• EXERCISE REQUIREMENTS:
Exactly as written, set down each line of the data below except its pictures.

--- DATA PROVIDED Enclosed Below ---

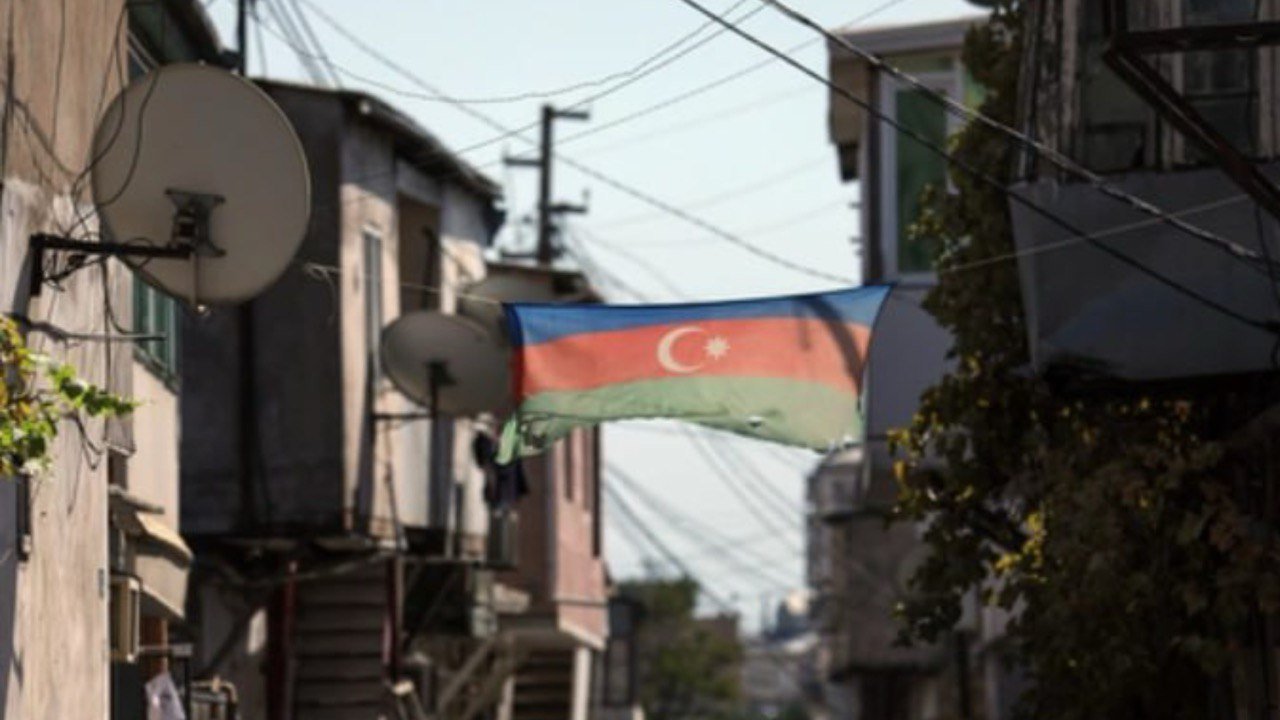 Tərs asılmış, solmuş Dövlət ATRİBUTU – Bayrağı harada və necə ASMAQ LAZIMDIR? – ARAŞDIRMA - foto 1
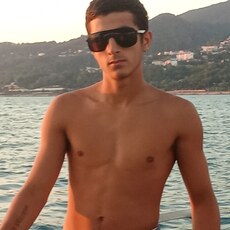 Фотография мужчины Самвел, 18 лет из г. Адлер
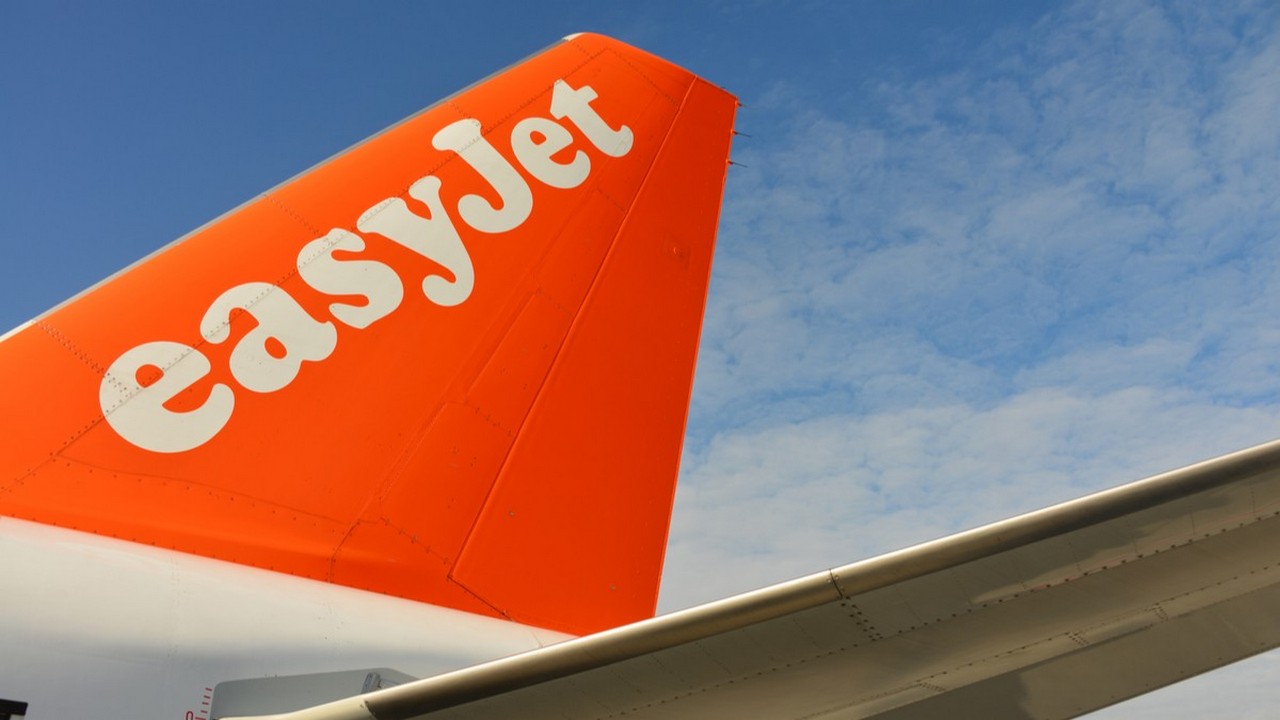 Die Reisebeschränkungen in Zusammenhang mit der CoronaPandemie haben Easyjet im ersten Halbjahr einen Verlust von 701 (Vorjahreszeitraum: -193) Mio. GBP eingebrockt. Bild und Copyright: nitpicker / shutterstock.com.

--- End of Enclosed DATA PROVIDED ---

• ANSWER AREA:
 Tərs asılmış, solmuş Dövlət ATRİBUTU – Bayrağı harada və necə ASMAQ LAZIMDIR? – ARAŞDIRMA - foto 1
 Фотография мужчины Самвел, 18 лет из г. Адлер
 Die Reisebeschränkungen in Zusammenhang mit der CoronaPandemie haben Easyjet im ersten Halbjahr einen Verlust von 701 (Vorjahreszeitraum: -193) Mio. GBP eingebrockt. Bild und Copyright: nitpicker / shutterstock.com.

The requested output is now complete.